次の日、再度村長に呼ばれたファリナは、呆気にとられた顔で戻ってきた。
「ヒメカ様、何かした?」
「なにも。」
いきなり後ろから抱きつかれる。
「わたしなんかのために無茶しないで。」
わたしはファリナの腕を振りほどき、振り向いてわたしからファリナに抱きつく。
「なんかじゃない!わたしにはファリナが一番大切。ファリナは嫌だろうけど、わたしにはファリナしかいない。」
「ヒメカ様・・・」
ファリナがわたしを抱きしめ返してくれる。
「この村の奴らはみんな嫌いだ。わたしも、ファリナも、道具にしか見てない。出ていきたいけど、安心して暮らすためにはもっと力がいる。もっと、もっと強くなる。邪魔する奴らを全部燃やしてしまえるくらい強くなるんだ。」
「ヒメカ様ならできそうね。」
「ファリナがいればできるよ。いつか必ず、この村の奴らどころか、魔人族だって、伝説の天人族だって、わたしたちの邪魔する奴はみんなやっつけられるだけ強くなってやる。」
わたしたちは、2人でいつまでも抱きしめあった。
わたしもハンターの登録ができる歳になった頃には、わたしとファリナは、魔獣どころか人魔と戦うことも多くなっていた。
勇者の村には、各領地では対応できない魔人族の進攻とか、自分の領地の勇者を無駄に損失したくないとかの理由で依頼がくる。もちろん、国からも。
王都には騎士団があるのだけれど、それはあくまで対人用で、隣の国との戦争とかのためのものなわけ。
魔人族の脅威に脅かされている人族に、隣の国と戦争してる余裕なんてあるわけなく、すでに形骸化してるんだけれど、様式美ってものは国の威信にとって大事なものらしい。
王都は黒の山脈に面していないので、直接魔人族と戦うことはなく、どこかの領地で勇者の派遣のお金を賄えなくて国に助けを求められた時とか、絶対に負けられない場合とかに王都から依頼がくる。
領主からの依頼より、国からの依頼の方が報奨がいい。尚且つ、絶対に負けられないことが多いから、わたしたち『爆炎の聖女』は主に国からの依頼で出撃することが多かった。
黒の山脈での国境線がらみがほとんどだけど、中には、魔人族の動向がおかしいので調べて、場合によっては対処なんて依頼もあって、そんなときは魔人族の領地に潜入しなきゃならない時もある。
わたしがハンター登録してしばらくたった頃、山脈の人族側で、変なものが見つかった。
それは地面に空いた穴。
直径十数メートルのきれいな半球形の穴。どうやったらこんなにきれいな半球に開けられるのかってくらいみごとな穴。

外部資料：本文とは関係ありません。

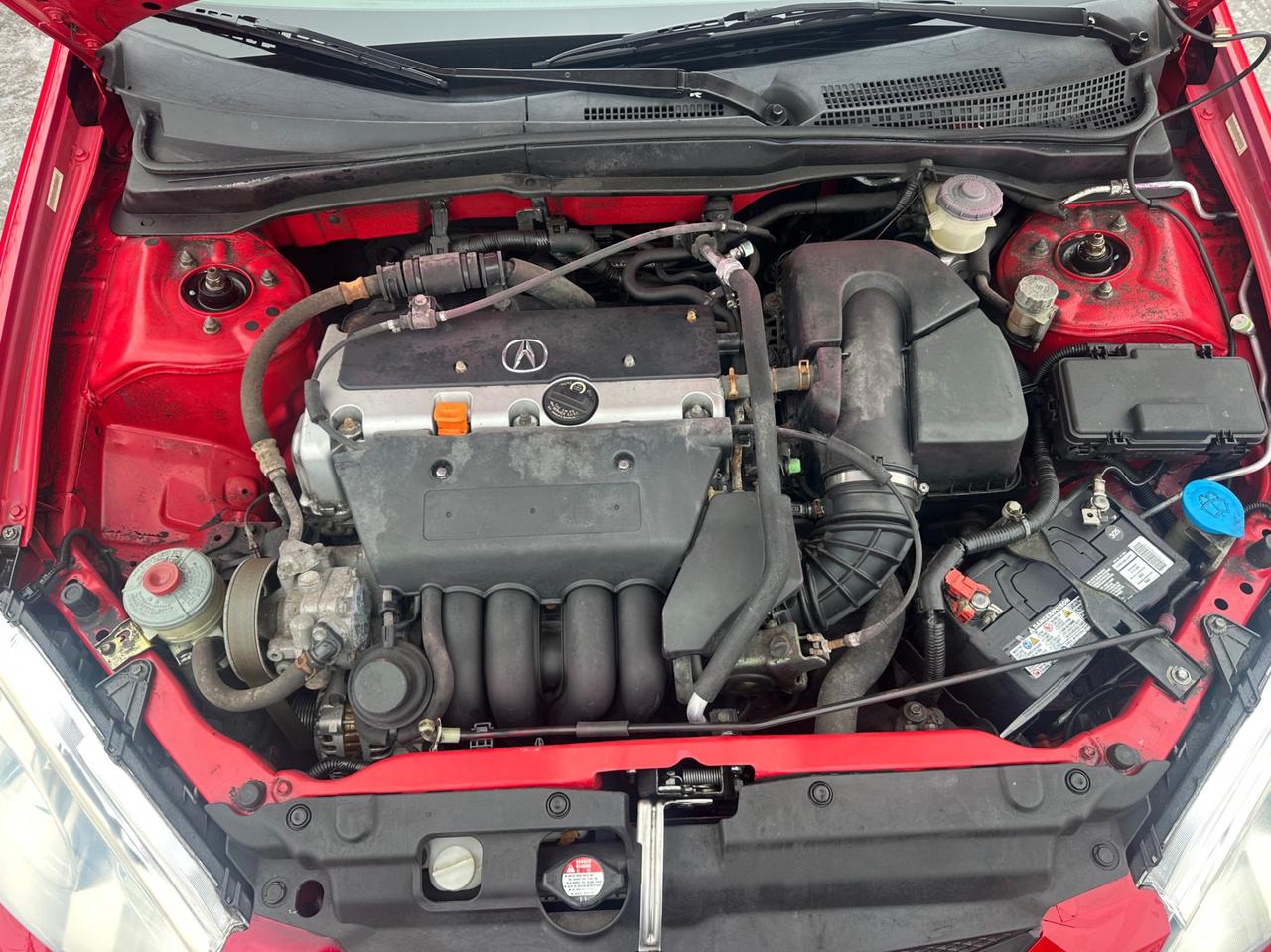 2002 Acura RSX 3dr Sport Cpe Manual Photo4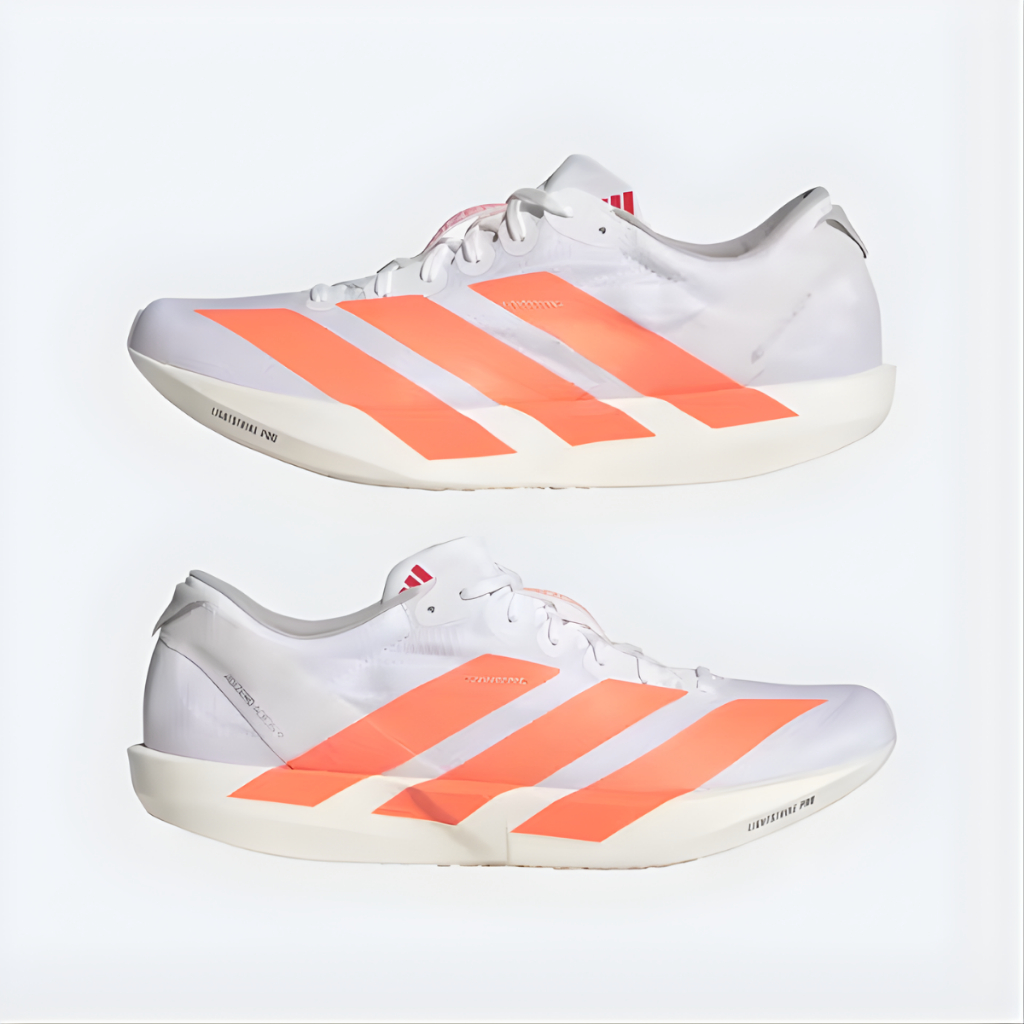 Giày Chạy Bộ Nam Adidas Adizero Adios 9 Chính Hãng - Siêu Nhẹ, Đệm Lightstrike Pro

わたしの炎魔法の強だと、地面が溶けて、グズグズになっちゃうだけで、その穴のようにきれいな形にはならない。土魔法はどうなんだろ。
わたしたちの知らない魔人族の魔法?もしも人族に害をなす魔法だったら・・・
わたしたち、『爆炎の聖女』にその穴の調査の依頼がきた。
魔人族の領地への潜入は、わたしたちであっても難易度の高い仕事だ。見つかったら戦闘は避けられない。さすがのわたしも、魔人族全員を燃やすのは大変。町1つくらいならなんとかなるけどね。